* Exercise description: Quote every entry word for word.

* Dataset entries:
..........
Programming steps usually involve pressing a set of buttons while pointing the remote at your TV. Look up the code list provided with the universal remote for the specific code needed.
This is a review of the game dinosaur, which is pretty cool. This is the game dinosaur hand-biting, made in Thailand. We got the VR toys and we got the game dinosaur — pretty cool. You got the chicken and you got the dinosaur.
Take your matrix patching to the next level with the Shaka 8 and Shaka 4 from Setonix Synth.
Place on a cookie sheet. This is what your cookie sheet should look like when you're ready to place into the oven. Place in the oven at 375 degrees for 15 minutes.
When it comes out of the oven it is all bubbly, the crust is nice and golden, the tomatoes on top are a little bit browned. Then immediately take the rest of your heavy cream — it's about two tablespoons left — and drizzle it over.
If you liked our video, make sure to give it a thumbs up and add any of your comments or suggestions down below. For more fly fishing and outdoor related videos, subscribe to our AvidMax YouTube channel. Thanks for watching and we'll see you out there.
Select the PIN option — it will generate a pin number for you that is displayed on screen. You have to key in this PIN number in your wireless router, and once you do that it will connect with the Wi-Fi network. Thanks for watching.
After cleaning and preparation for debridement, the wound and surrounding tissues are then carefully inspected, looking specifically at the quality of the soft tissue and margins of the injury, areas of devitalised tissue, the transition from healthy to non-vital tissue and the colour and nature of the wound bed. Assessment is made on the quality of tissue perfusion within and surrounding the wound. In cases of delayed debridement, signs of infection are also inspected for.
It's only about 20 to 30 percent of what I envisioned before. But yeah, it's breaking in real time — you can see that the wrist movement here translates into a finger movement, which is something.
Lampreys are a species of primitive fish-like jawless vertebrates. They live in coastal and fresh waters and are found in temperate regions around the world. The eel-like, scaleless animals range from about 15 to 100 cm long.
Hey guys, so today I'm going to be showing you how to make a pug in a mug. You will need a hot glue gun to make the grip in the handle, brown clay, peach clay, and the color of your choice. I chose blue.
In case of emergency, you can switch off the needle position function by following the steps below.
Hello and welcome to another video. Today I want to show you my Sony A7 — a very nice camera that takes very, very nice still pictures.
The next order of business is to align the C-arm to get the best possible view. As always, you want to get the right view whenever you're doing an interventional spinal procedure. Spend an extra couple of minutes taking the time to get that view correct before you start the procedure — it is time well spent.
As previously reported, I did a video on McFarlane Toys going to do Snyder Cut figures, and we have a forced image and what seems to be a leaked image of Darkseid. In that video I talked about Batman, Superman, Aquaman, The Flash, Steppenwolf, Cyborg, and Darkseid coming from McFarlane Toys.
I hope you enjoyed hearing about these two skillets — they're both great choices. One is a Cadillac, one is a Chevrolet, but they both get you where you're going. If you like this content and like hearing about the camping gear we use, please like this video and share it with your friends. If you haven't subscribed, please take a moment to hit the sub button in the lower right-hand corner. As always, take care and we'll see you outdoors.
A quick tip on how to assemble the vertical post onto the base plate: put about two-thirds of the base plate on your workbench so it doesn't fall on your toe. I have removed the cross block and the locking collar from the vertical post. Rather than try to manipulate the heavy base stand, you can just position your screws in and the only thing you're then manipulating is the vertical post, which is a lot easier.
..........
* Completed task:
Programming steps usually involve pressing a set of buttons while pointing the remote at your TV. Look up the code list provided with the universal remote for the specific code needed.
This is a review of the game dinosaur, which is pretty cool. This is the game dinosaur hand-biting, made in Thailand. We got the VR toys and we got the game dinosaur — pretty cool. You got the chicken and you got the dinosaur.
Take your matrix patching to the next level with the Shaka 8 and Shaka 4 from Setonix Synth.
Place on a cookie sheet. This is what your cookie sheet should look like when you're ready to place into the oven. Place in the oven at 375 degrees for 15 minutes.
When it comes out of the oven it is all bubbly, the crust is nice and golden, the tomatoes on top are a little bit browned. Then immediately take the rest of your heavy cream — it's about two tablespoons left — and drizzle it over.
If you liked our video, make sure to give it a thumbs up and add any of your comments or suggestions down below. For more fly fishing and outdoor related videos, subscribe to our AvidMax YouTube channel. Thanks for watching and we'll see you out there.
Select the PIN option — it will generate a pin number for you that is displayed on screen. You have to key in this PIN number in your wireless router, and once you do that it will connect with the Wi-Fi network. Thanks for watching.
After cleaning and preparation for debridement, the wound and surrounding tissues are then carefully inspected, looking specifically at the quality of the soft tissue and margins of the injury, areas of devitalised tissue, the transition from healthy to non-vital tissue and the colour and nature of the wound bed. Assessment is made on the quality of tissue perfusion within and surrounding the wound. In cases of delayed debridement, signs of infection are also inspected for.
It's only about 20 to 30 percent of what I envisioned before. But yeah, it's breaking in real time — you can see that the wrist movement here translates into a finger movement, which is something.
Lampreys are a species of primitive fish-like jawless vertebrates. They live in coastal and fresh waters and are found in temperate regions around the world. The eel-like, scaleless animals range from about 15 to 100 cm long.
Hey guys, so today I'm going to be showing you how to make a pug in a mug. You will need a hot glue gun to make the grip in the handle, brown clay, peach clay, and the color of your choice. I chose blue.
In case of emergency, you can switch off the needle position function by following the steps below.
Hello and welcome to another video. Today I want to show you my Sony A7 — a very nice camera that takes very, very nice still pictures.
The next order of business is to align the C-arm to get the best possible view. As always, you want to get the right view whenever you're doing an interventional spinal procedure. Spend an extra couple of minutes taking the time to get that view correct before you start the procedure — it is time well spent.
As previously reported, I did a video on McFarlane Toys going to do Snyder Cut figures, and we have a forced image and what seems to be a leaked image of Darkseid. In that video I talked about Batman, Superman, Aquaman, The Flash, Steppenwolf, Cyborg, and Darkseid coming from McFarlane Toys.
I hope you enjoyed hearing about these two skillets — they're both great choices. One is a Cadillac, one is a Chevrolet, but they both get you where you're going. If you like this content and like hearing about the camping gear we use, please like this video and share it with your friends. If you haven't subscribed, please take a moment to hit the sub button in the lower right-hand corner. As always, take care and we'll see you outdoors.
A quick tip on how to assemble the vertical post onto the base plate: put about two-thirds of the base plate on your workbench so it doesn't fall on your toe. I have removed the cross block and the locking collar from the vertical post. Rather than try to manipulate the heavy base stand, you can just position your screws in and the only thing you're then manipulating is the vertical post, which is a lot easier.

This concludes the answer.